=== Given material ===
* * * * * * * * *
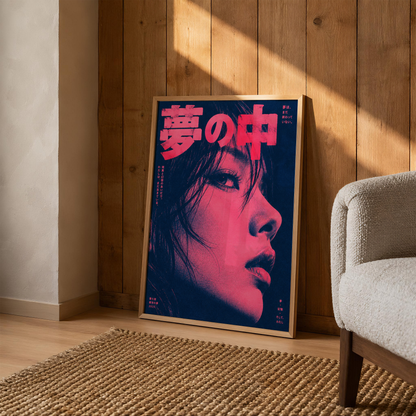 Tokyo Dream Poster, Pink and Navy Japanese Pop Art Portrait, High Contrast Retro Wall Art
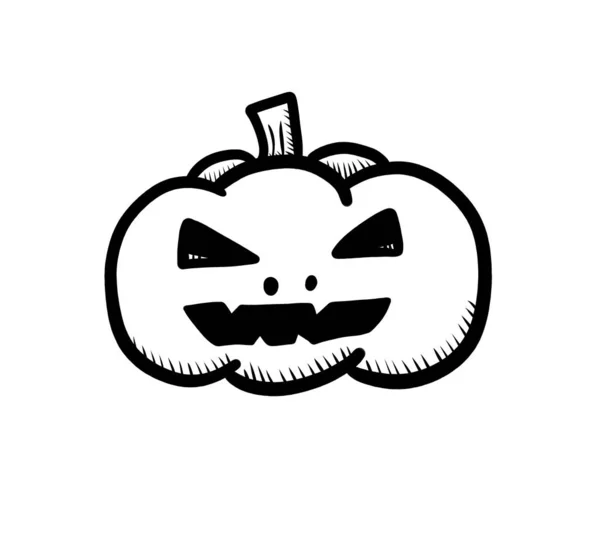 Digital Illustration Halloween Pumpkin Doodle — стоковое фото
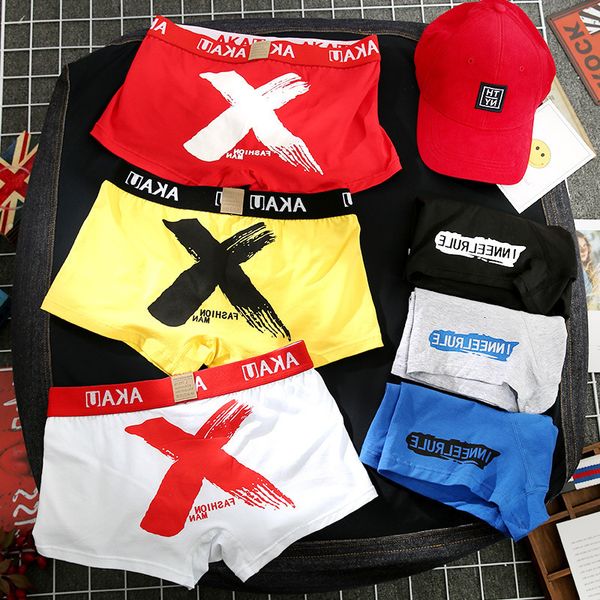 

red underwear men's pure cotton benmingnian loose youth trend personality sultry boxers, Black;white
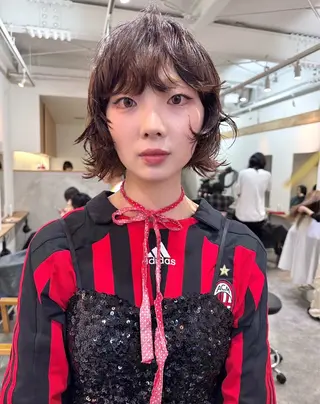 ショート カラー パーマ ヘアアレンジ 丸山渉/パーマ エフェクトブリーチのヘアスタイル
* * * * * * * * *
The lines from the one containing "Digital Illustration Halloween" through the last line of the data above are to be transcribed exactly, both included, with all pictures left out.

=== Result of this task ===
 Digital Illustration Halloween Pumpkin Doodle — стоковое фото

red underwear men's pure cotton benmingnian loose youth trend personality sultry boxers, Black;white
 ショート カラー パーマ ヘアアレンジ 丸山渉/パーマ エフェクトブリーチのヘアスタイル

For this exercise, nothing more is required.